Step 3: Assemble \( h'(x) \) and optionally factor. Substitute into the quotient rule: \[ h'(x)=\frac{\;e^{3x}(2x+3x^{2}+3)\,(x-1)\;-\;(x^{2}+1)e^{3x}\cdot 1\;}{(x-1)^{2}} =\frac{e^{3x}\Big[(2x+3x^{2}+3)(x-1)-(x^{2}+1)\Big]}{(x-1)^{2}}. \] Keeping \( e^{3x} \) factored helps later evaluations and reduces algebra slip-ups.
Step 4: Prepare for \( h''(0) \) efficiently. It’s faster to evaluate needed pieces at \( x=0 \) rather than fully expanding everything. Compute base values: \( e^{0}=1 \), \( (x-1)|_{0}=-1 \), \( (x^{2}+1)|_{0}=1 \), and from Step 2 \( u'(0)=e^{0}(0+0+3)=3 \); also \( u(0)=1 \), \( v(0)=-1 \), \( v'(0)=1 \).
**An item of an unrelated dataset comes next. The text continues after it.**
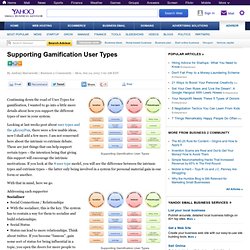 Supporting Gamification User Types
Step 5: First derivative at 0 (as a checkpoint). Using \( h'=\dfrac{u'v-uv'}{v^{2}} \), \[ h'(0)=\frac{(3)(-1)-(1)(1)}{(-1)^{2}}=\frac{-3-1}{1}=-4. \] This gives a reliable intermediate check before differentiating again.
Step 6: Differentiate \( h' \) to get \( h'' \) (quotient rule again or use logarithmic differentiation idea). Continue with quotient rule on \( h'=\dfrac{N}{D} \) where \( N=u'v-uv' \) and \( D=v^{2} \). Then \[ h''(x)=\frac{N'(x)D(x)-N(x)D'(x)}{[D(x)]^{2}}. \] At \( x=0 \), compute the needed pieces: • \( D(0)=v(0)^{2}=(-1)^{2}=1 \), \( D'(x)=2v(x)v'(x)\Rightarrow D'(0)=2(-1)(1)=-2 \). • \( N(x)=u'v-uv' \Rightarrow N(0)=3(-1)-1(1)=-4 \) (already used). • \( N'(x)=u''v+u'v'-u'v'-uv''=u''v-uv'' \) since the middle terms cancel. Here \( v''(x)=0 \), so \( N'(0)=u''(0)\,v(0) \).
Step 7: Compute \( u''(0) \) cleanly. From Step 2, \( u'(x)=e^{3x}(2x+3x^{2}+3) \). Differentiate: \[ u''(x)=3e^{3x}(2x+3x^{2}+3)+e^{3x}(2+6x) =e^{3x}\big(6x+9x^{2}+9+2+6x\big) =e^{3x}\big(9x^{2}+12x+11\big). \] Evaluate at 0: \( u''(0)=1\cdot 11=11 \). Thus \( N'(0)=u''(0)\,v(0)=11\cdot(-1)=-11 \).
Step 8: Finish \( h''(0) \). Substitute into the quotient-once-more formula at \( x=0 \): \[ h''(0)=\frac{N'(0)D(0)-N(0)D'(0)}{[D(0)]^{2}} =\frac{(-11)(1)-(-4)(-2)}{1} =-11-8=-19. \] Therefore \( h''(0)=-19 \). This uses a structured quotient-rule framework and targeted point evaluations to avoid unnecessary algebra.
Common mistakes & connections. Frequent errors include forgetting the outer \( (x-1)^{2} \) in denominators, dropping the product-rule term when differentiating \( u \), or expanding everything before substituting \( x=0 \) (which increases algebra risk). This problem synthesizes: product rule, quotient rule, exponential derivatives, and higher-order derivatives with an efficient evaluation strategy.